The large sample size and the population-based setting are a major strength of this study. Furthermore, it is one of few investigations differentiating between the effect of blood pressure and antihypertensive drug treatment on lung function. Nevertheless, this study has some possible limitation. Methodological bias might lead to insufficient lung function measurements. Thus in patients with high blood pressure lung function tests might be stopped earlier, because the respiratory effort might cause an increase in blood pressure. However, we consider this possible bias unlikely to affect our findings. Besides, selection bias might limit the representative status of the population sample included in our analysis. We had to restrict our analysis to subjects aged 40-65 years, because only this age-restricted subset performed lung function tests. However, as this was a random sample, we consider that our population sample is highly representative for this age group of the Augsburg population. Moreover, the cross-sectional study design makes it difficult to make a clear statement about the temporal sequence and causality between high blood pressure, its treatment and lung function. Several prospective studies indicated that high blood pressure is a risk factor for reduced lung function as well as impaired lung function increases the risk for the development of high blood pressure [7-9,26]. Besides, one has to consider the possible effect of long-standing high blood pressure. For example, subjects with currently normal blood pressure under medication might have had high blood pressure for a long time before it was recognized and treated. Therefore, it is necessary to evaluate the temporal sequence, acute and chronic effects and the causality between high blood pressure, its medical treatment and lung function in further prospective studies.

Conclusions

Our findings are in line with previous observations showing an inverse association between blood pressure and lung function. Furthermore, our analysis indicates that BBL medication and not any other antihypertensive treatment is associated with reduced lung function in a general adult population. Thus, our findings may serve as a basis for experimental testing, as for example by adding measurement of respiratory functions to outcomes of 'hypertensive' trials.

Competing interests

The authors declare that they have no competing interests.

Authors' contributions

ES was responsible for the data analysis, interpretation of data and manuscript preparation. JH and ES developed the statistical analysis plan. SK, HS, SG, CM, MH, AP, H-EW, JB, RMH and JH assisted in the interpretation and critical revision of the results. SK, HS, CM, MH, H-EW and AP were responsible for the data. All authors read and approved the final manuscript.

Acknowledgements

We thank all the participants in the study. We are indebted to the KORA study group which consists of H.-E. Wichmann (speaker), R. Holle, J. John, T. Illig, C. Meisinger, A. Peters and to all co-workers who are responsible for the design and conduct of the KORA studies.

Source of Funding

The KORA research platform (KORA, Cooperative Research in the Region of Augsburg) was initiated and financed by the Helmholtz Zentrum München, German Research Centre for Environmental Health, which is funded by the German Federal Ministry of Education, Science, Research and Technology and by the State of Bavaria.

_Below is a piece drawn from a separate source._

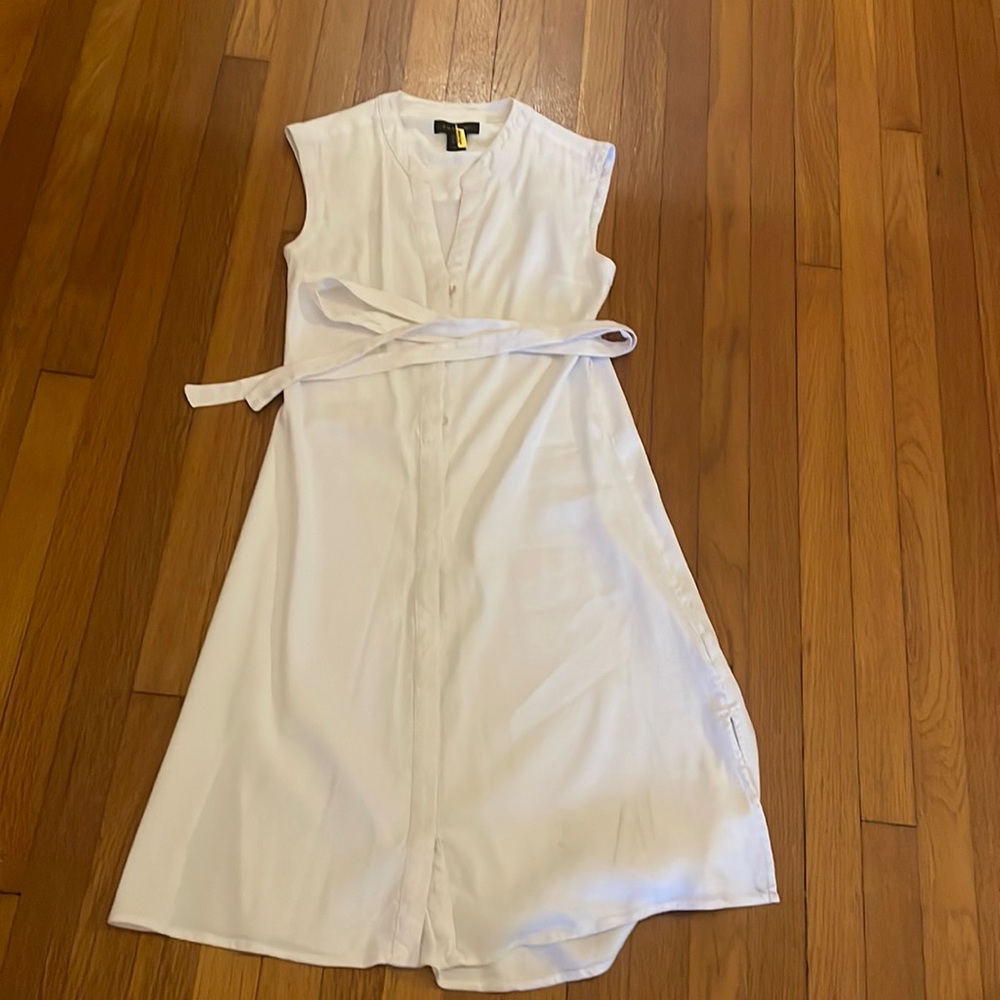 Tahari dress-soft cotton linen type blend button up dress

The work was supported by the Competence Network Asthma/COPD funded by the Federal Ministry of Education and Research (FKZ 01GI0881-0888).

References

  1. Kearney PM, Whelton M, Reynolds K, Whelton PK, He J: Worldwide prevalence of hypertension: a systematic review.

    J Hypertens 2004, 22(1):11-19. PubMed Abstract | Publisher Full Text OpenURL

  2. Chobanian AV, Bakris GL, Black HR, Cushman WC, Green LA, Izzo JL Jr, Jones DW, Materson BJ, Oparil S, Wright JT Jr, Roccella EJ: Seventh report of the Joint National Committee on Prevention, Detection, Evaluation, and Treatment of High Blood Pressure.

    Hypertension 2003, 42(6):1206-1252. PubMed Abstract | Publisher Full Text OpenURL

  3. Flack JM, Peters R, Shafi T, Alrefai H, Nasser SA, Crook E: Prevention of hypertension and its complications: theoretical basis and guidelines for treatment.

    J Am Soc Nephrol 2003, 14(7 Suppl 2):S92-S98. PubMed Abstract | Publisher Full Text OpenURL

  4. Engstrom G, Hedblad B, Valind S, Janzon L: Increased incidence of myocardial infarction and stroke in hypertensive men with reduced lung function.

    J Hypertens 2001, 19(2):295-301. PubMed Abstract | Publisher Full Text OpenURL

  5. Enright PL, Kronmal RA, Smith VE, Gardin JM, Schenker MB, Manolio TA: Reduced vital capacity in elderly persons with hypertension, coronary heart disease, or left ventricular hypertrophy. The Cardiovascular Health Study.

    Chest 1995, 107(1):28-35. PubMed Abstract | Publisher Full Text OpenURL

  6. Margretardottir OB, Thorleifsson SJ, Gudmundsson G, Olafsson I, Benediktsdottir B, Janson C, Buist AS, Gislason T: Hypertension, systemic inflammation and body weight in relation to lung function impairment-an epidemiological study.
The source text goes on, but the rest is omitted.